Media sosial memiliki pengaruh besar bagi demokratisasi. Betapa tidak, ada banyak hal terkoordinasi dengan baik, hanya melaluinya. Sosialisasi diri, penyamaan persepsi serta afirmasi partisipasi politik publik, dapat terlaksana dalam dan melalui media sosial.

Di media sosial, debat terbuka dipertontonkan dan kritik dengan elaborasi yang menukik dilaksanakan. Melaluinya pula, “kegelisahan” publik diperbincangkan dengan kritis, kebijakan sosial dikoreksi secara kolektif dan seperangkat solusi coba ditawarkan.

Media sosial kini menjadi sarana demokratisasi, medan partisipasi politik rakyat dan tempat “memikirkan” dinamika pembangunan.

Meminjam Habermas (1991), media sosial telah menjadi ruang publik yaitu tempat berkumpul bersama dan mendiskusikan berbagai problem sosial secara bebas tanpa represi.

Kendatipun demikian, ada indikasi bahwa media sosial digunakan secara keliru.
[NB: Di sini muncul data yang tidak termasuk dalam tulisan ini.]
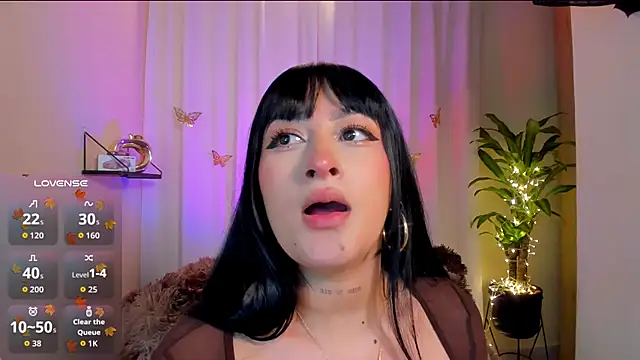 Kaaiiri live sex cam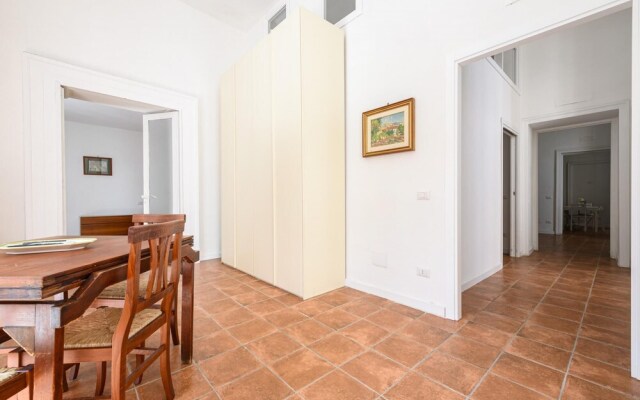 Piazza Portanova 11 - Appartamento Grande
Media sosial dipelintir untuk mengkspresikan kebencian secara berlebihan. Persoalannya, kebebasan berekspresi berubah menjadi kebablasan.

Pilar Kelima

Karl Popper (1992) mengatakan bahwa arus informasi akan menjadi kunci dalam menentukan peradaban manusia. Jika tidak, manusia akan “didiskualifikasi” dari peradaban itu.

Mengikuti pemikiran Popper ini, harus dikatakan bahwa arus informasi juga amat menentukan bobot dari sebuah praksis demokrasi seperti Pilkada. Demokrasi tanpa arus informasi amat mungkin direduksi menjadi kratos tanpa demos.